• WHAT YOU WILL DO: Apart from the pictures, every record here must be copied word for word.

• RECORDS SHOWN:
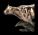 VERONESE GEPARD BEZIACI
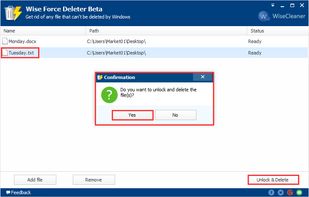 Wise Force Deleter screenshot 2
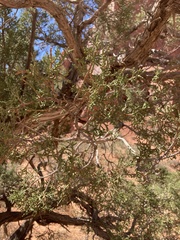Juniperus osteosperma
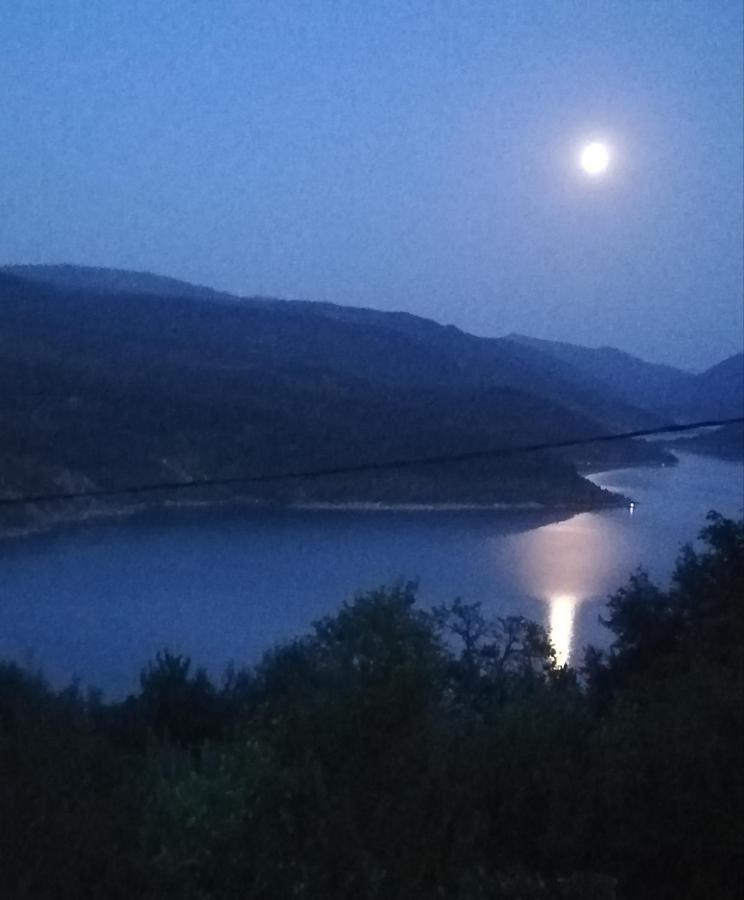 Vila Zapis - Zavojsko Jezero Πίροτ Εξωτερικό φωτογραφία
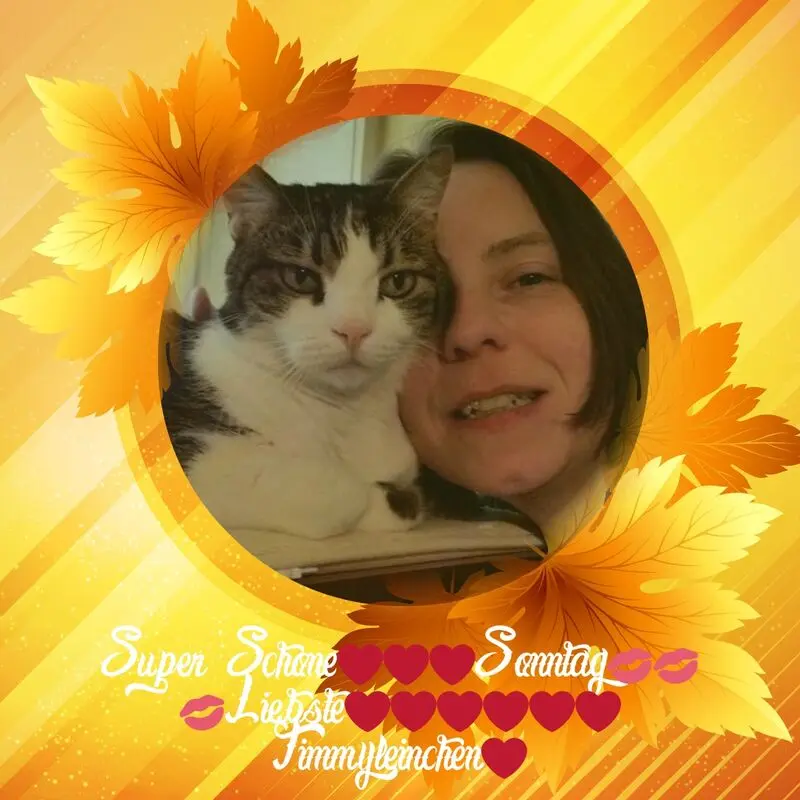 Condolence image of Sonntags❤️Rosen❤️❤️❤️fur Timmylein❤️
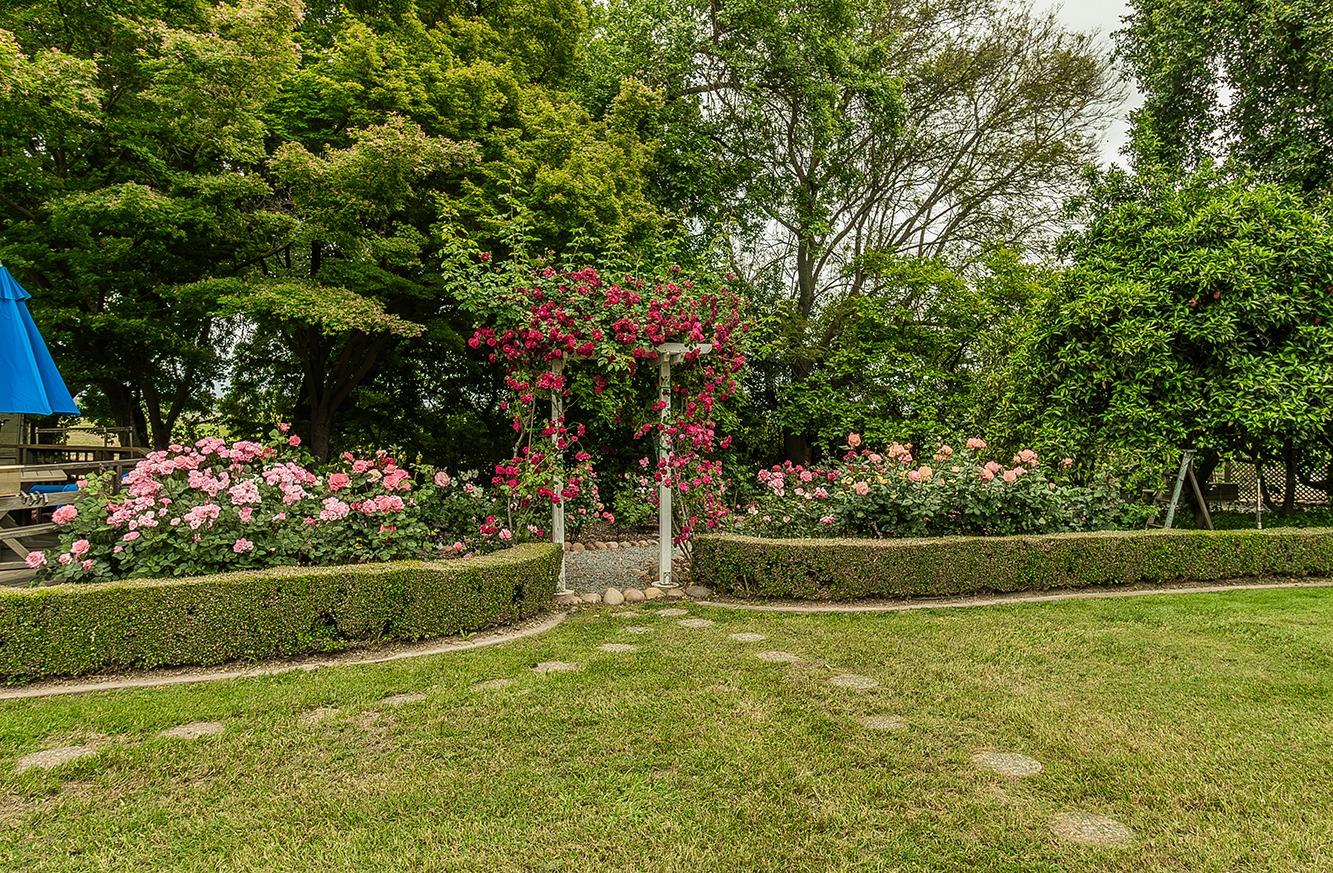 3670 South Newmark Avenue Sanger, CA 93657 - Photo 51 of 98 a view of a garden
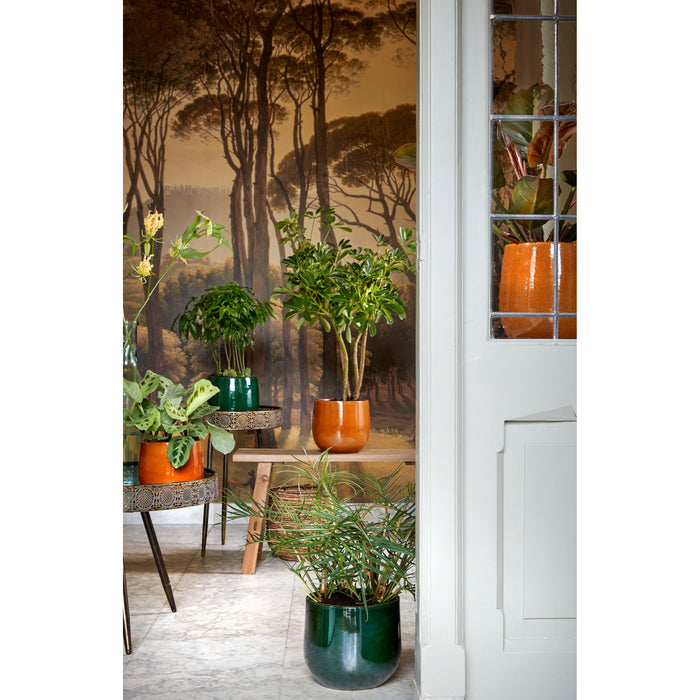 108c73fb-9662-4996-b58f-6b93bd54627a-afbeelding4.jpg (6288319) 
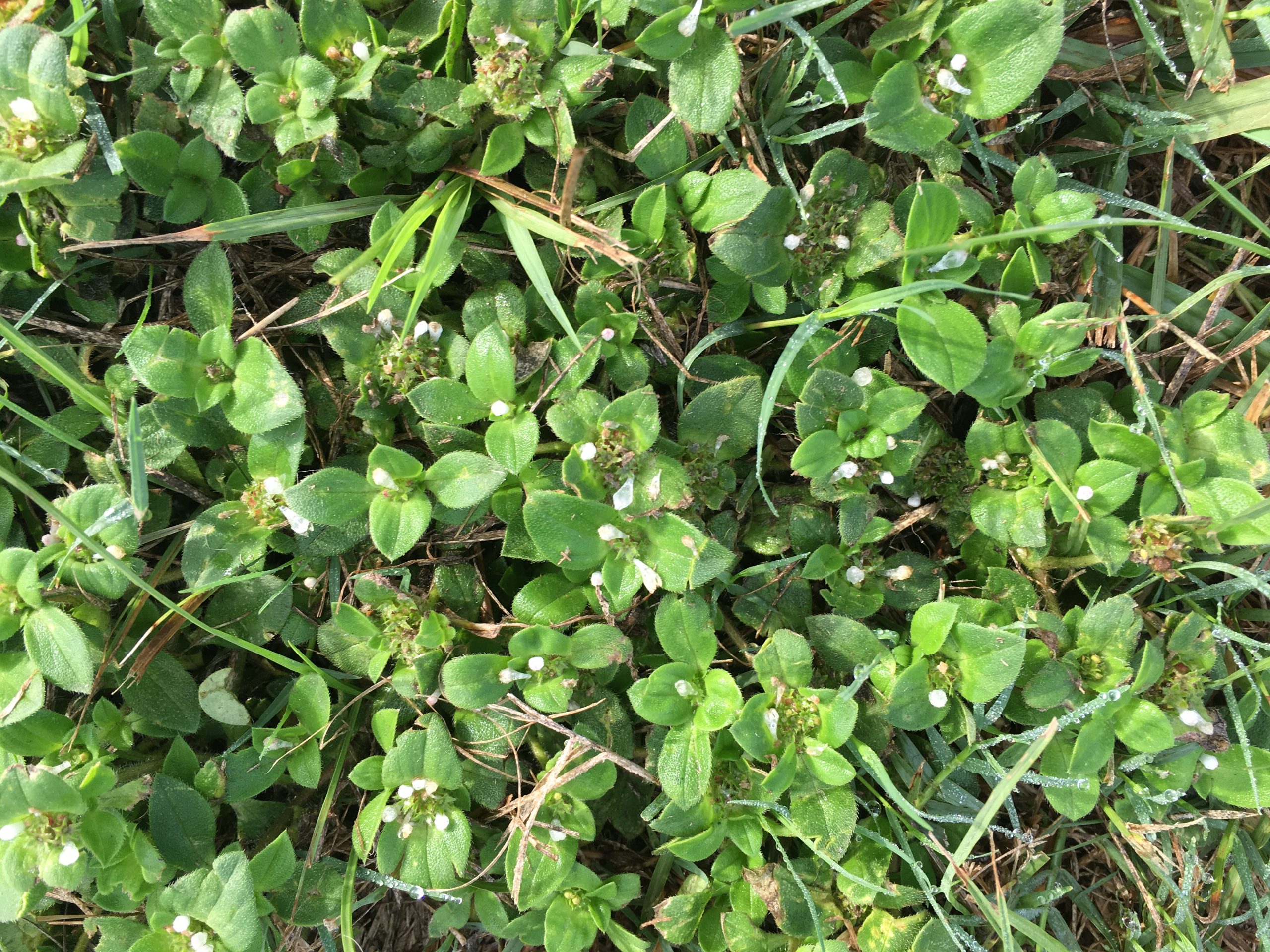 How to Remove Chickweed in Lawn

• SOLUTION TO THE EXERCISE:
 VERONESE GEPARD BEZIACI
 Wise Force Deleter screenshot 2
Juniperus osteosperma
 Vila Zapis - Zavojsko Jezero Πίροτ Εξωτερικό φωτογραφία
 Condolence image of Sonntags❤️Rosen❤️❤️❤️fur Timmylein❤️
 3670 South Newmark Avenue Sanger, CA 93657 - Photo 51 of 98 a view of a garden
 108c73fb-9662-4996-b58f-6b93bd54627a-afbeelding4.jpg (6288319) 
 How to Remove Chickweed in Lawn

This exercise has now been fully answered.